I use CKEDITOR for content creation, and have recently added the autocorrect plugin which among other things, will also auto-convert URLs to links. There are numerous link modules that I could play with or plugins for CKEDITOR but after a quick search I didn't find anything appropriate.

I chose to create a small plugin for CKEDITOR that looks for the site domain on paste or save and will process a regular expression to correct the formatting.

This regex will find variations of the domain with or without www, http, or https, and and change them to a standard format of https://www.example.com. It will also ignore the domain if it is used as the link text. View this example on regex101 for an explanation of the how it functions.
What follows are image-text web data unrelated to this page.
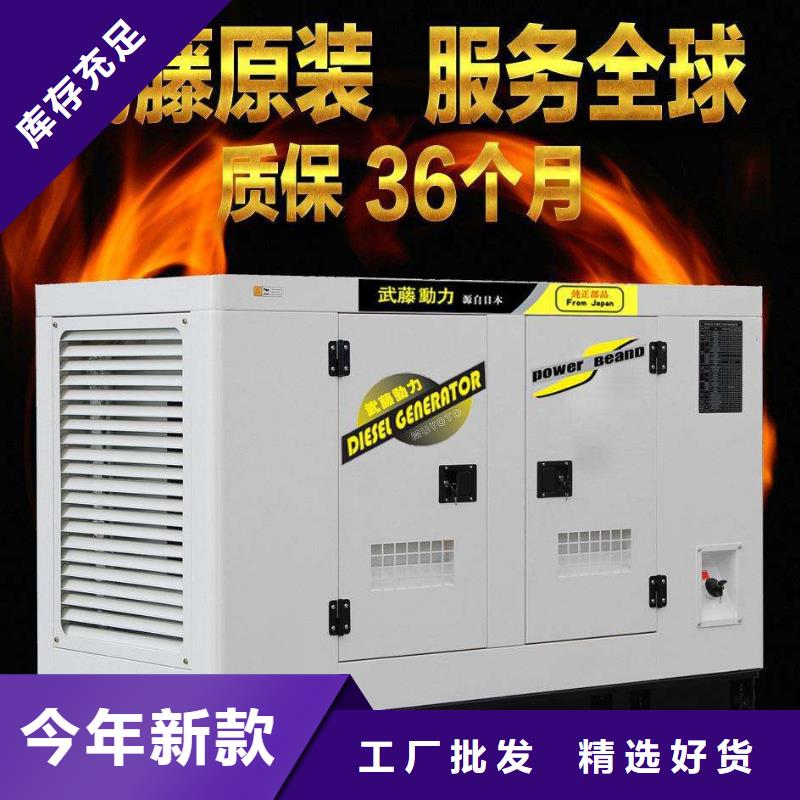 专用发电车租赁国企供应哪家好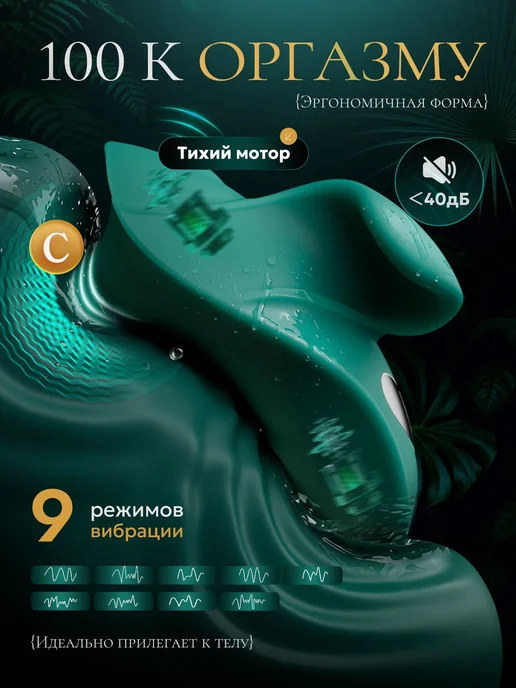 SeekHeart Вибратор для клитора, 9 режимов вибрации, имитация, зеленый, фото 3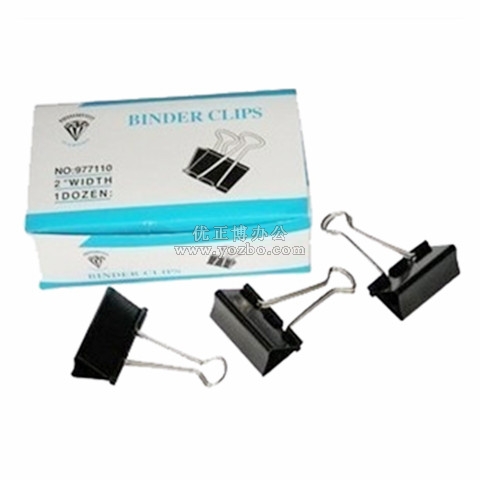 钻石牌 长尾夹 规格15~51mm（纸盒）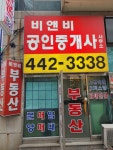 비엔비공인중개사사무소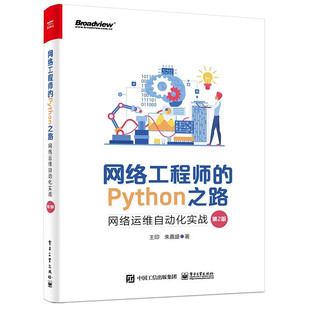第2版 Python之路：网络运维自动化实战 网络工程师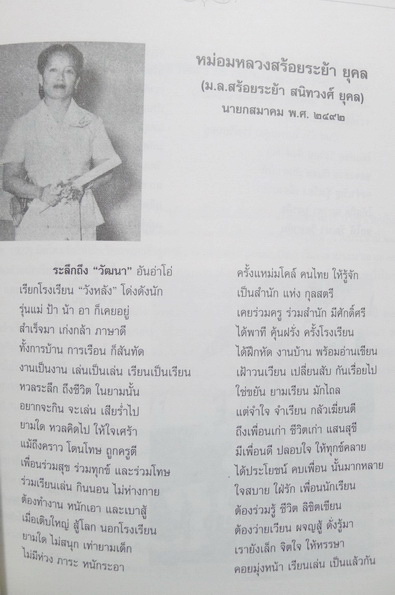 ๕๐ ปี ส.ว.ว.รำลึก ( Golden Jubilee ) : อนุสรณ์การก่อตั้งสมาคมศิษย์วังหลังวัฒนาครบ ๕๐ ปี
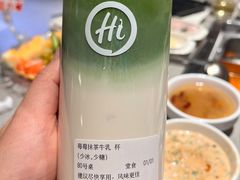 -海底捞火锅(人民广场店)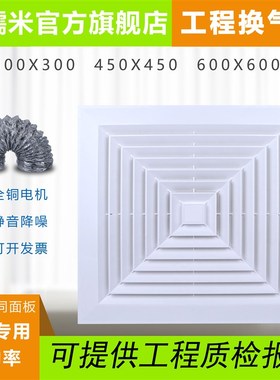 集成吊顶排气扇600x600铝扣板强力静音工程换气扇石膏板60X60天花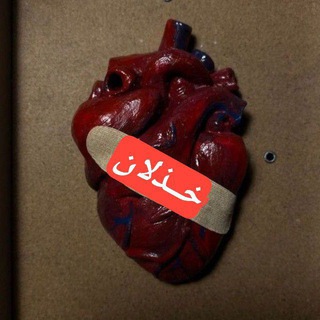 Telegram profile photo for خذلان💔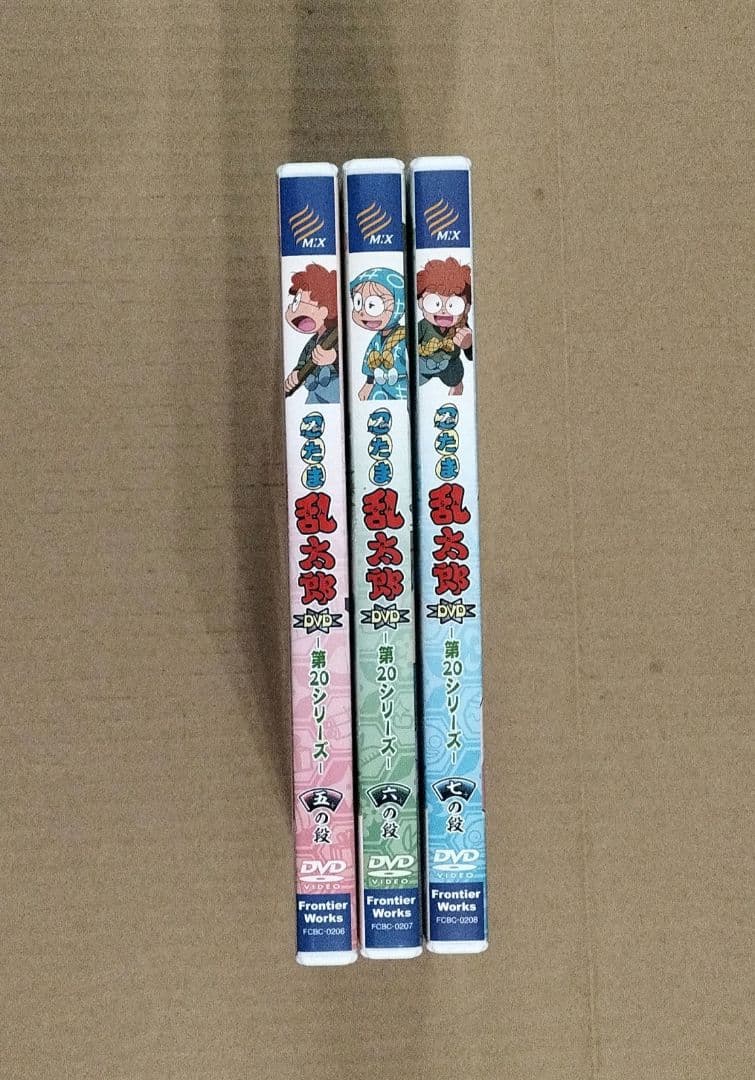 初回特典付 忍たま乱太郎 第20シリーズ 五の段 六の段 七の段 DVD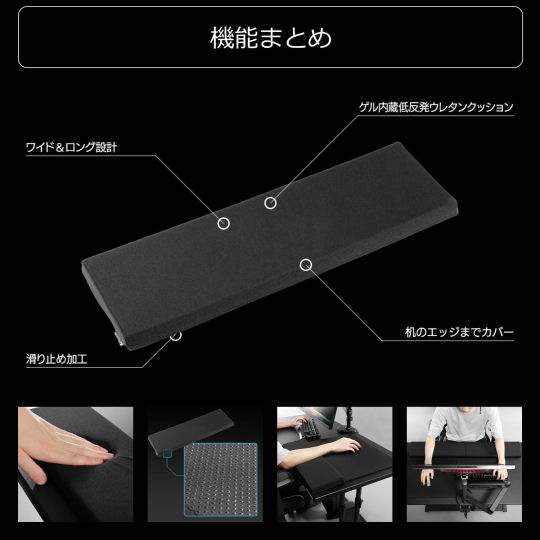Bauhutte Big Wrist Rest - Wrist support cushion for power users - Japan Trend Shop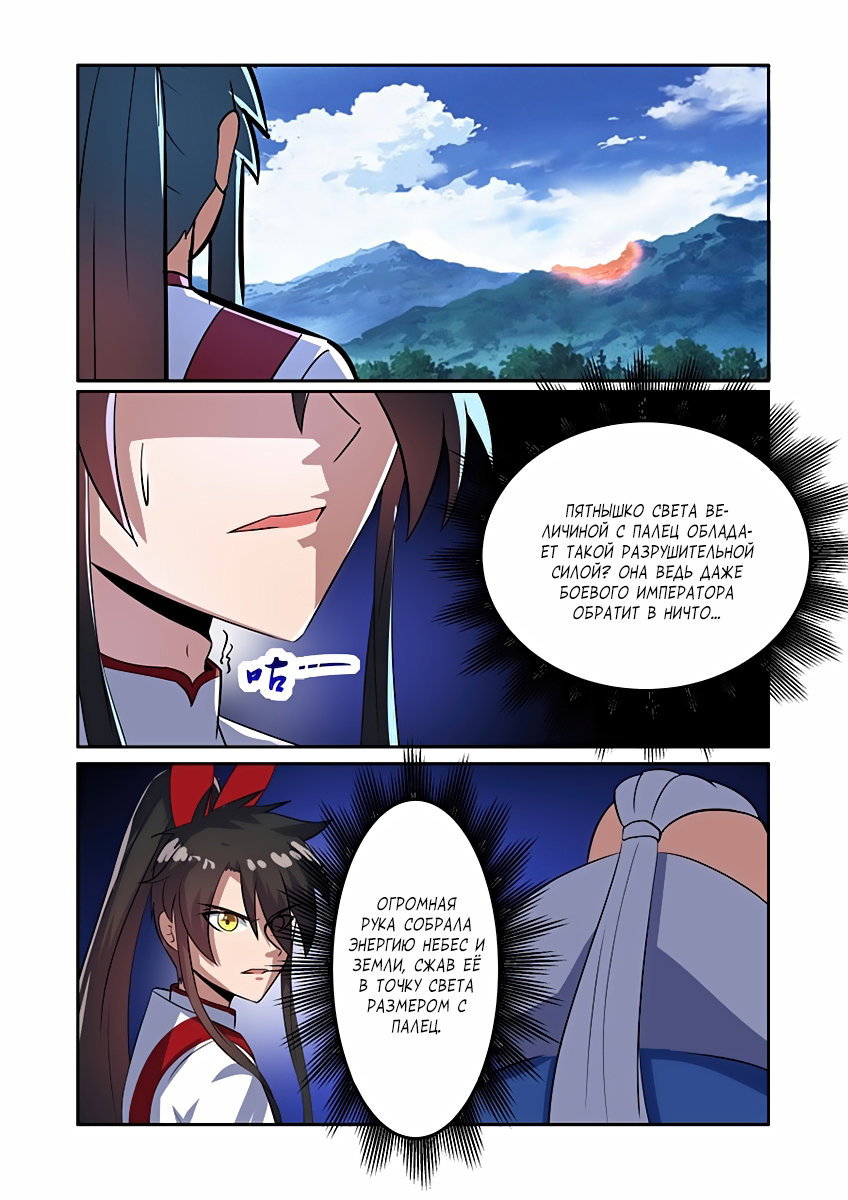 Манга Несравненный боевой дух - Глава 81 Страница 10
/((https?:\/\/)+?(www.)??example\.com)|((www\.)+?example\.com(?!<\/a>))/g

The CKEDITOR plugin is pretty simple, at one point this was borrowed from another plugin and modified. To use, create a "standardlinks" folder within your CKEDITOR plugins folder, name the file plugin.js, and then activate, either through the CKEDITOR config in Drupal or your standalone config file for CKEDITOR.

/**
 * @file Standardize URL Formatting
 */

(function() {
  var regex = {}, replacements = {
    "((https?:\/\/)+?(www.)??example\.com)|((www\.)+?example\.com(?!<\/a>))" : "https://www.example.com"
  };

  for (var key in replacements) {
    regex[key] = new RegExp(key, 'g');
  }

  function doReplaceOnEvent(evt) {
    var content = evt.data.dataValue || evt.data.txt || evt.data.html;
    if (content) {
      for (var key in replacements) {
      	content = content.replace(regex[key], replacements[key]);
      }
      if (evt.data.dataValue) {
        evt.data.dataValue = content;
      }
      else if (evt.data.text) {
        evt.data.text = content;
      }
      else {
        evt.data.html = content;
      }
    }
  }

  CKEDITOR.plugins.add( 'standardlinks', {
    init : function( editor ) {
      editor.on('paste', doReplaceOnEvent);
      editor.on('getData', doReplaceOnEvent);
      editor.on('setData', doReplaceOnEvent);
    }
  });

})();

Another option would be to create an Input Filter to use with your Text Format, from scratch or by using Custom filter. That would take the load off the client side and be less prone to error.